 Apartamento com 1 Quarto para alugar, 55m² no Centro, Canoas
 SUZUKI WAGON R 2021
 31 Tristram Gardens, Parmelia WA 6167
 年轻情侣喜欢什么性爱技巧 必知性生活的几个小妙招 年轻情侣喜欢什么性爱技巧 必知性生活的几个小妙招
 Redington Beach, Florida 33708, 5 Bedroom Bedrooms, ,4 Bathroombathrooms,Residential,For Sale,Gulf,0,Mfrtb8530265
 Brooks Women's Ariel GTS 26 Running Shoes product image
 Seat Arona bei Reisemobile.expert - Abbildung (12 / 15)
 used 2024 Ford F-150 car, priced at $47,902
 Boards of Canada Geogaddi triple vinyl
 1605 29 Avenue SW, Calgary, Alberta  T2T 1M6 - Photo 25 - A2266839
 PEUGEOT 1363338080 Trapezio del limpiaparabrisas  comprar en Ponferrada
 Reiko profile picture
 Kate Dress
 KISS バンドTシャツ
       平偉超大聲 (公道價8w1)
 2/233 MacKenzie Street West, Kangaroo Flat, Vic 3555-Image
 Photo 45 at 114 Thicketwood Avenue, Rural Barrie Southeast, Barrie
----
Try it: Using the records above, copy every line that has the word "Avenue" in it.

Output for this exercise:
 1605 29 Avenue SW, Calgary, Alberta  T2T 1M6 - Photo 25 - A2266839
 Photo 45 at 114 Thicketwood Avenue, Rural Barrie Southeast, Barrie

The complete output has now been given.